Fumbles.
Missed layups.
Airballs.
Own goals.
Whiffs.
Shanks.
Poor landings.
Call them what you want, these sports metaphors all represent a moment where a “gimme” becomes anything but. It’s when you two-putt from three feet away. It’s the moment where the basic table stakes of business — continuity — breaks down because of poor human communication.
It’s painful.
It’s embarrassing.
It has direct financial consequences.
This picture is a screenshot from a (dis)ideation video that I made yesterday for Mike Vladimer at Nascent who is helping me work on a new business idea which I’ve code-named “Historiq”.
The idea of this (dis)ideation exercise is to separate “people in pain” from whatever my idea currently happens to be (in this moment) about the product I maybe want to build.
As an interface designer and UX professional, I am acutely aware of the fact that I could tinker all damn day on a UI making a product — create new features, give it a cute little brand, build countless screens, probably even have AI help me do all that fast and cheap.
In other words, totally sell myself on my own bullish*t about how good my idea is.
All of this is delusional.
The idea of (dis)ideation is to intentionally separate (my idea) from (what pain people have) in order to determine what I should be building at the start of a new business.
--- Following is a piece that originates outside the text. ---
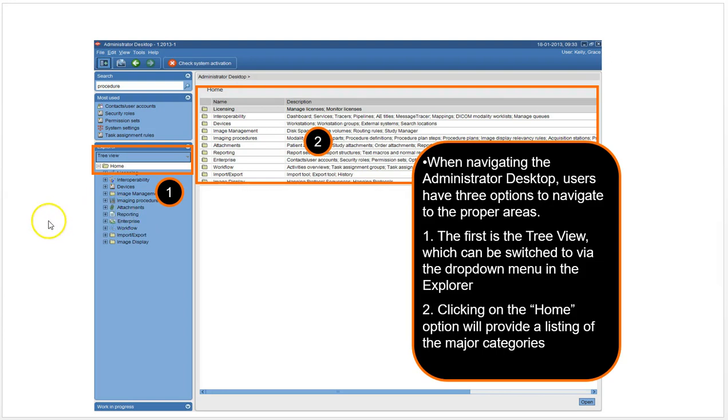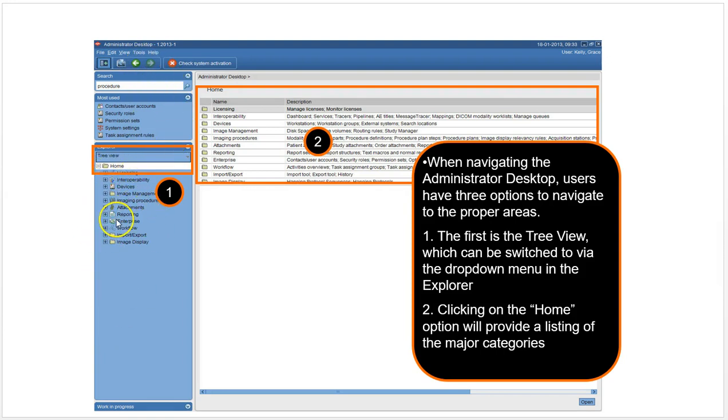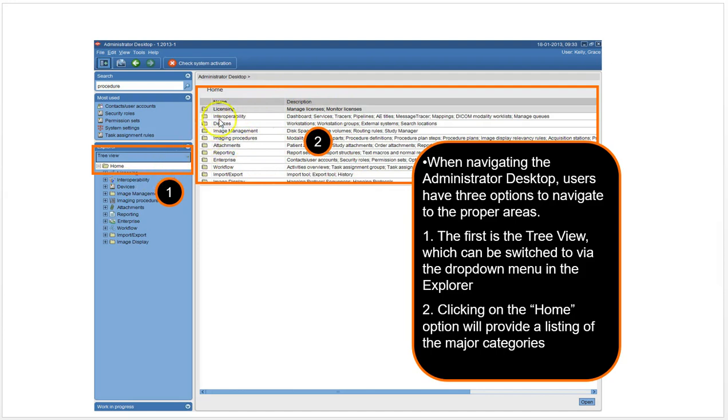If you are interested in what devices are connected to the PACS, you might want to go under devices. So tree view in the navigator for admins, and you have basically all of the same choices—interoperability, devices, image management—just here where you can just in a folder view where you can just click on the folder and then go under the folder.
What I want to build doesn’t matter when I have no customers and just a kernel of an idea. My goal is to find people (that I can reasonably get access to) with pain that’s strong enough that they will pay to alleviate it.
My hypothesis: the core “people in pain” to target for my startup are small business owners who have employees in long-term, key roles that are separating from their business after an extended period of time, often because of retirement.
I currently think one of the biggest pain-points business owners face with the prospect of replacing a legacy employee is the *actual financial consequence* of “dropped balls” and the *anxiety/fear associated with thoughts* about bad role/responsibility hand-offs and how that could cost them money.
I think it forces them to make all sorts of unwise decisions like:
👉 Keeping that employee much longer than is productive
👉 Delaying re-hires because they can’t find a 1:1 match
👉 Not replacing people (at all)
👉 Dividing and sprinkling tasks of legacy employees on the org
👉 Hiring a bad replacement in a rush
👉 Generating bad SOPs the next employee can’t use
I think people will pay to make sure their business doesn’t drop balls. At least that’s my working theory.